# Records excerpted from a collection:
[Start of Attachment]

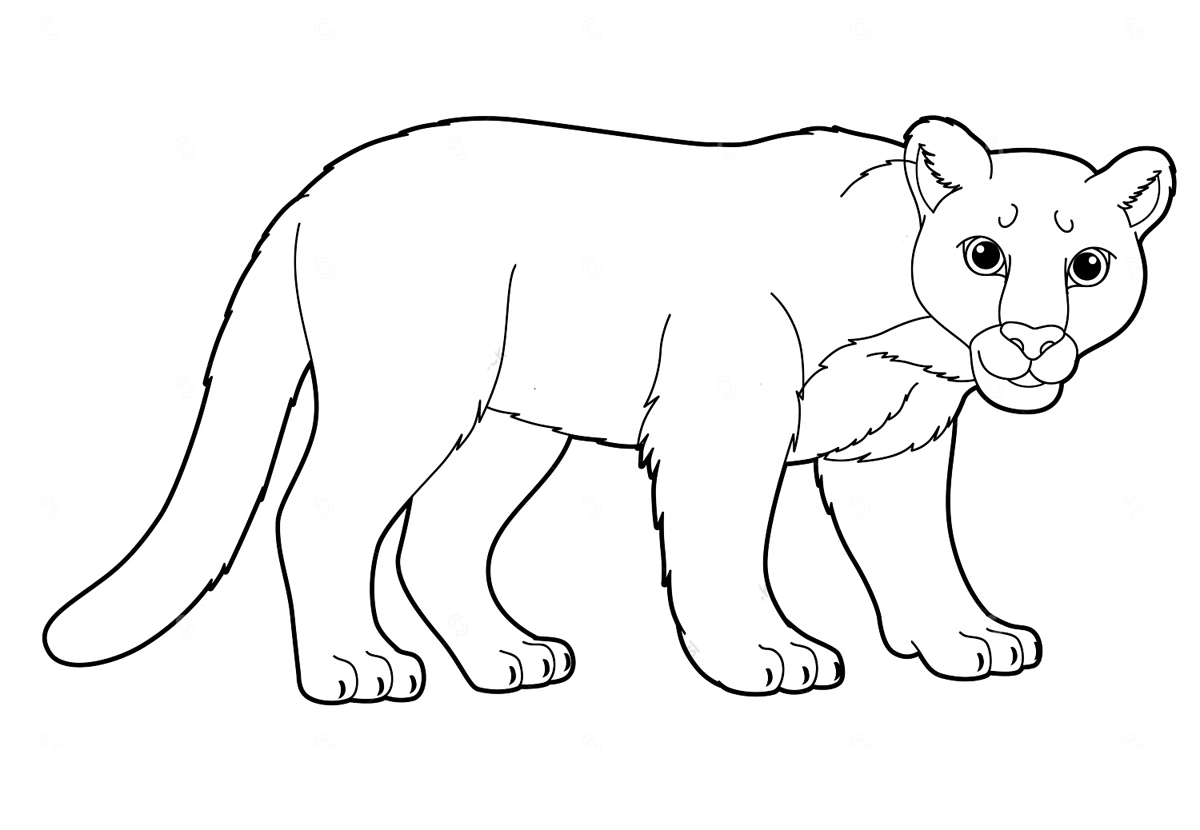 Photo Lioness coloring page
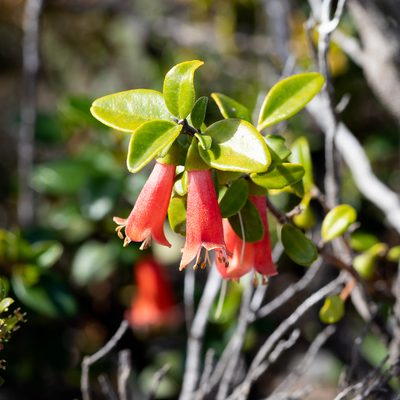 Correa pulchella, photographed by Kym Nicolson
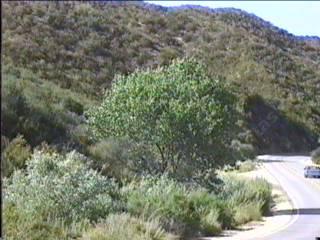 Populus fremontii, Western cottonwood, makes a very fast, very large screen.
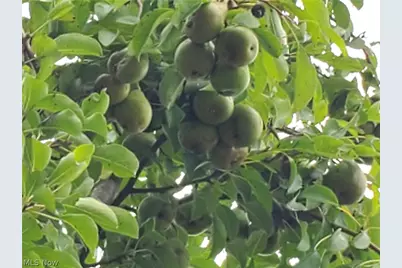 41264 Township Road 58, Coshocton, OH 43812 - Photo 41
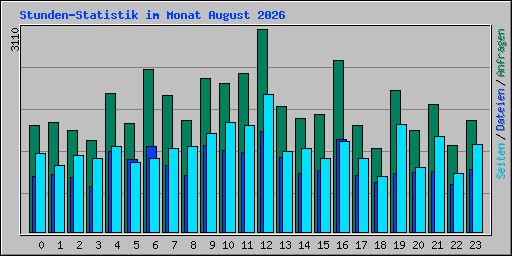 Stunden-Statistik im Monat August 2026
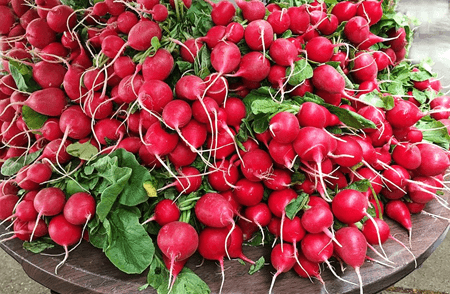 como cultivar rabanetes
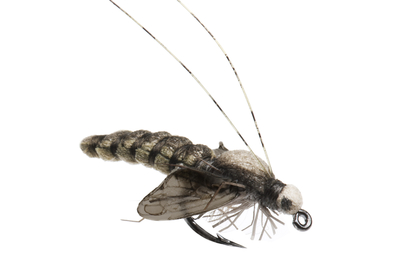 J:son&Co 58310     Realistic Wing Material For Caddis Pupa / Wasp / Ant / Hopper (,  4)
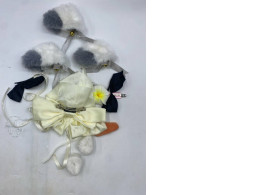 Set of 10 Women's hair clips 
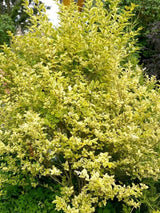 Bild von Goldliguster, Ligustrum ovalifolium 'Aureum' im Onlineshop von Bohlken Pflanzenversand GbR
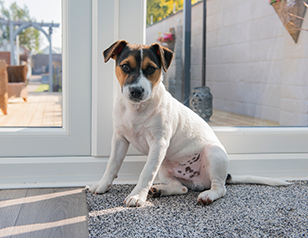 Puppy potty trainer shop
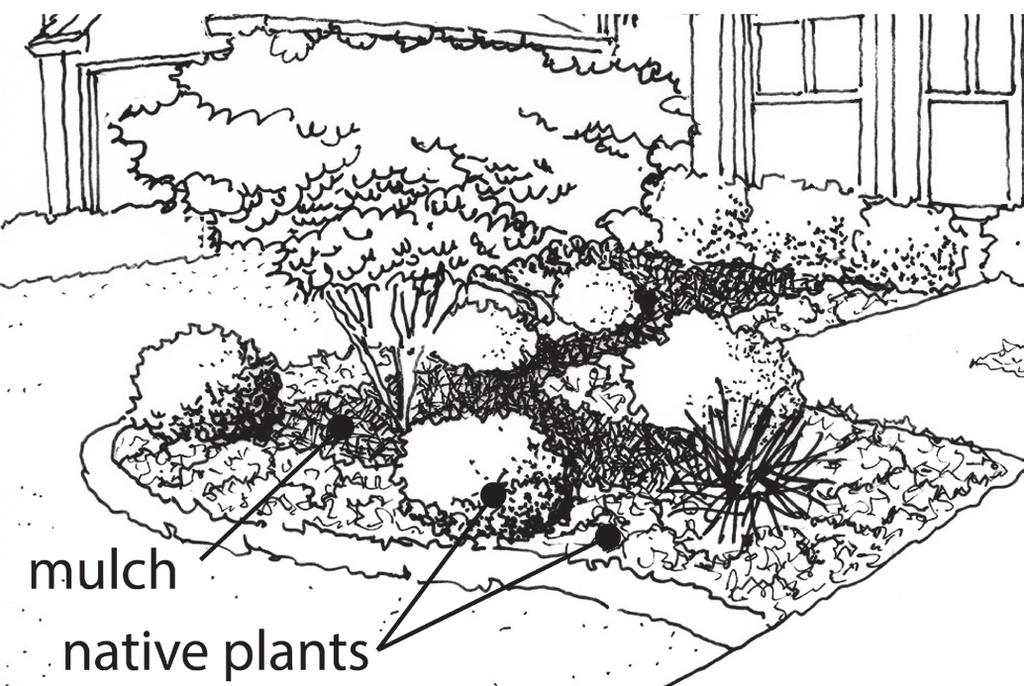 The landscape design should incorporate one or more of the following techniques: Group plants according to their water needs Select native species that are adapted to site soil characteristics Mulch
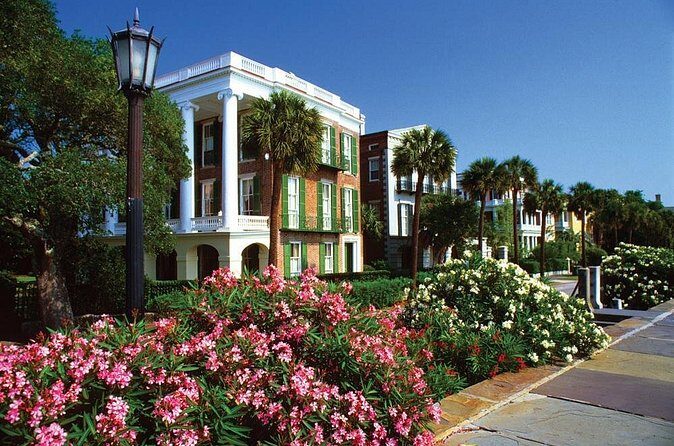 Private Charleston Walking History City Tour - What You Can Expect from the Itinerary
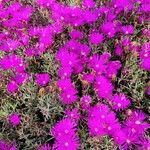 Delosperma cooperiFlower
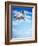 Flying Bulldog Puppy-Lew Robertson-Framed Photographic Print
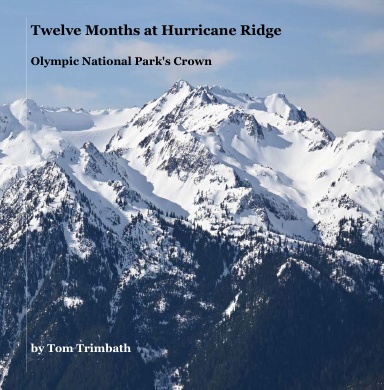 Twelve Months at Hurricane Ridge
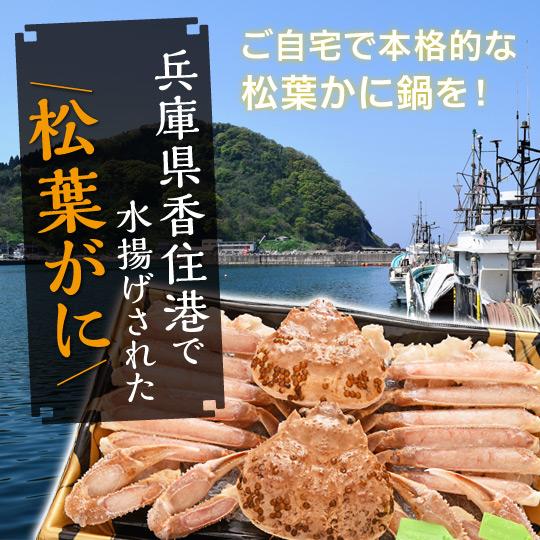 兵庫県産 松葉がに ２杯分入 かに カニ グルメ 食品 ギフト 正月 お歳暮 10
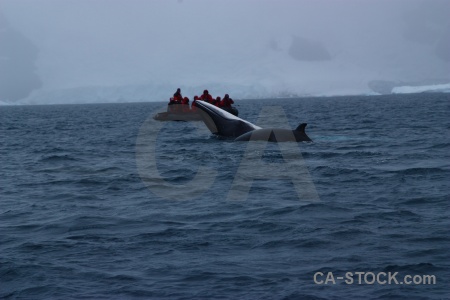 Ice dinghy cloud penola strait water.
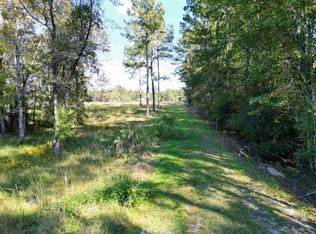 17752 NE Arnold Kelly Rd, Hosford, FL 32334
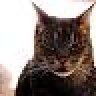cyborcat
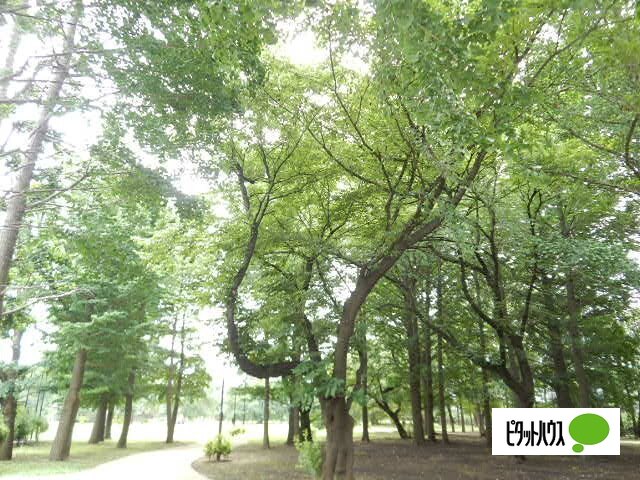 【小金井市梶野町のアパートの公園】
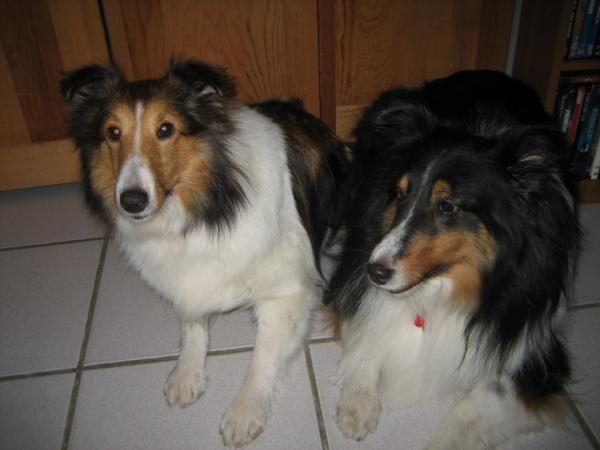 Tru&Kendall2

[End of Attachment]

# DIRECTIONS FOR THIS TASK:
Copy the records above from the first line through the line containing "como cultivar rabanetes", both included, and leave out any pictures.

# EXERCISE ANSWER:
 Photo Lioness coloring page
 Correa pulchella, photographed by Kym Nicolson
 Populus fremontii, Western cottonwood, makes a very fast, very large screen.
 41264 Township Road 58, Coshocton, OH 43812 - Photo 41
 Stunden-Statistik im Monat August 2026
 como cultivar rabanetes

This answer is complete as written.